So I see two actual use cases here.
First, with a persistence layer and concurrency problems.
- One solution is to embrace database transactions, and just run whatever code
is needed from the calling process direcly or from a supervised task. - One other is to balance the load with a hash system that will ensure that all
external events are sent to a specific node. This is external to the BEAM
runtime and requires parsing the event to know which node to use (hopefully
just parsing a URL segment for an ID). Within the BEAM, the same hash
algorithm can be used to start processes on the right node. Both of these
requirements needs a static set of named nodes.
The other use case is when the requirements are not about the state and
persistence, but the need for an actual process. For instance we have a data
processing pipeline tool that let users send many requests to our service (let’s
say 100). But the users, depending on their plan, can only run 10 pipelines
concurrently, for instance. So pipeline requests are stored. We allow to send a
single HTTP request to register several works to avoid doing 100 HTTP requests
in a row, but the “jobs” are executed one by one.
When a request (or a batch of requests) is stored, we must check if there is a
running process for that user that will pull from the available jobs, if not
start it, and then that process will pull from the batch and supervise a
fixed-size set of workers (10) to run the batch. (That “process” is more likely
to be a controller, a worker supervisor, a feeder, that is a “group” but not
“group” as in pg/pg2. It can also be a GenStage
pipeline).
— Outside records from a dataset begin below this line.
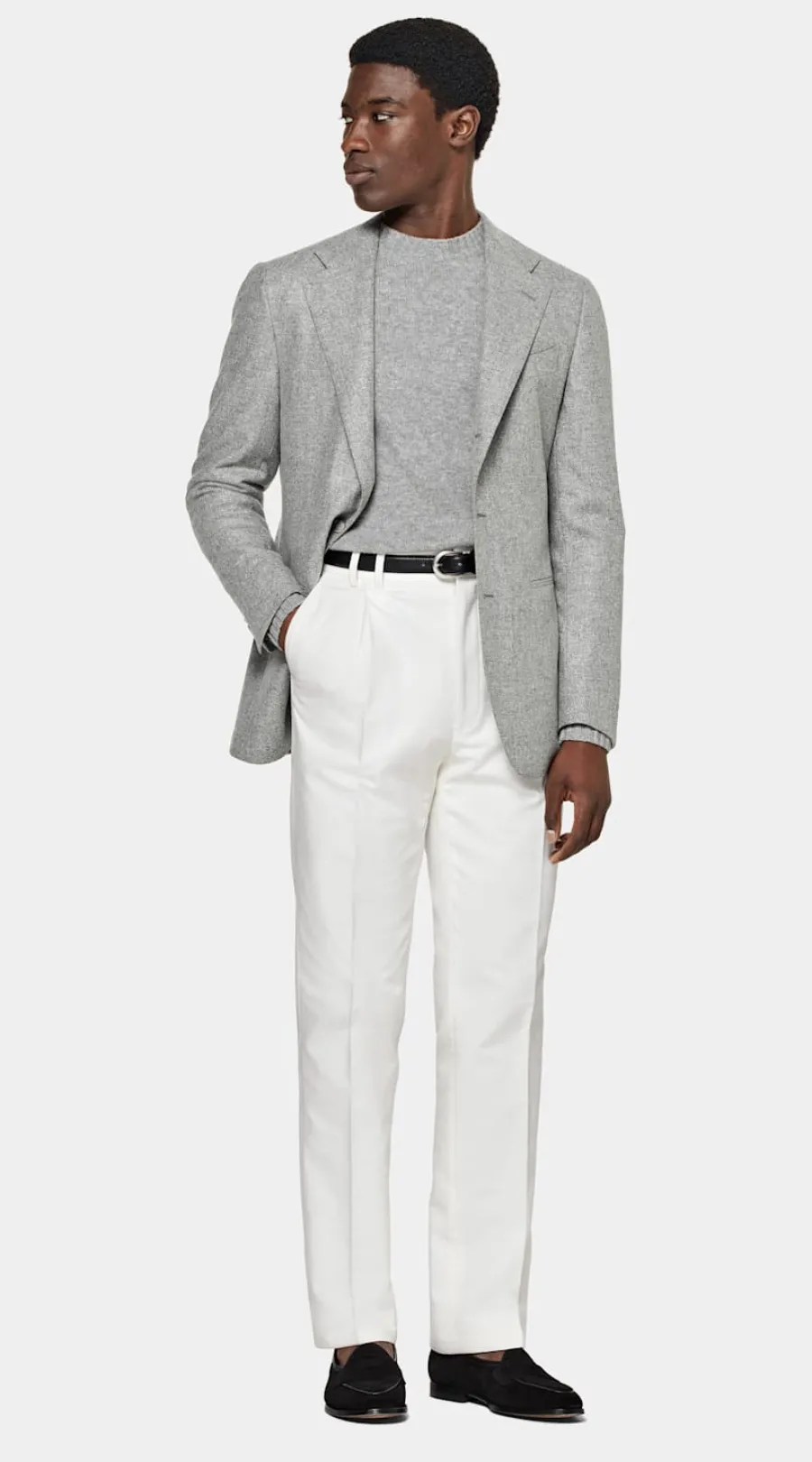 New Havana Sakko hellgrau Tailored Fit Sakkos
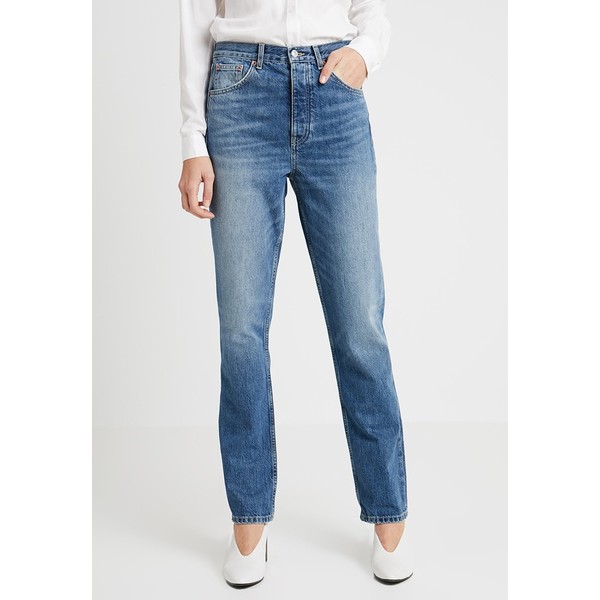 Topshop Tall EDITOR Jeansy Straight Leg blue TOA21N00Z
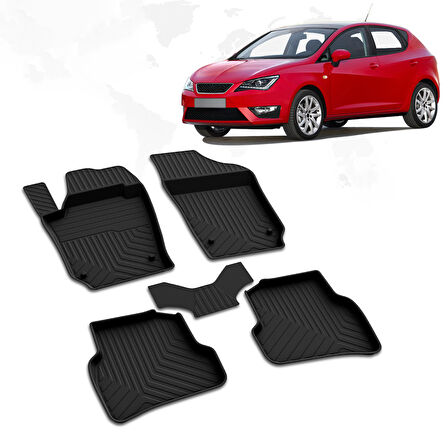 Seat Ibiza 4D Havuzlu Paspas 2009-2017 A+Kalite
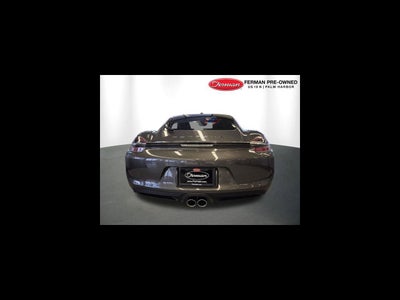 2016 Porsche Cayman Black Edition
If another batch is
created, we do not want to start a duplicate process group for the same user,
just ensure that it is started and consequently will pull work from the stored
requests. The group will exit after a while when there is no more work to do,
thanks to the significant children feature. So basically those are queues, but
with concurrency defined at the queue level and we do not want to have the
queues running 27/7 just to handle a couple batches once in a while.
In that case the pattern works. There is still ID-to-node hashing required when
distributed though, and the call / catch exit pattern still feels risky in some
cases.
To sum up I would say that the pattern described here always seems to me a good
solution in the beginning, kind of a silver bullet, but when digging in the
requirements and the different problems to handle it very rarely ends up to be
right solution. Handling persistent or temporary processes is easy with OTP but
I feel tools are lacking (or my knowledge is lacking of course) regarding the
architecture of transient, identified workloads.
Thanks for reading, any thoughs are appreciated !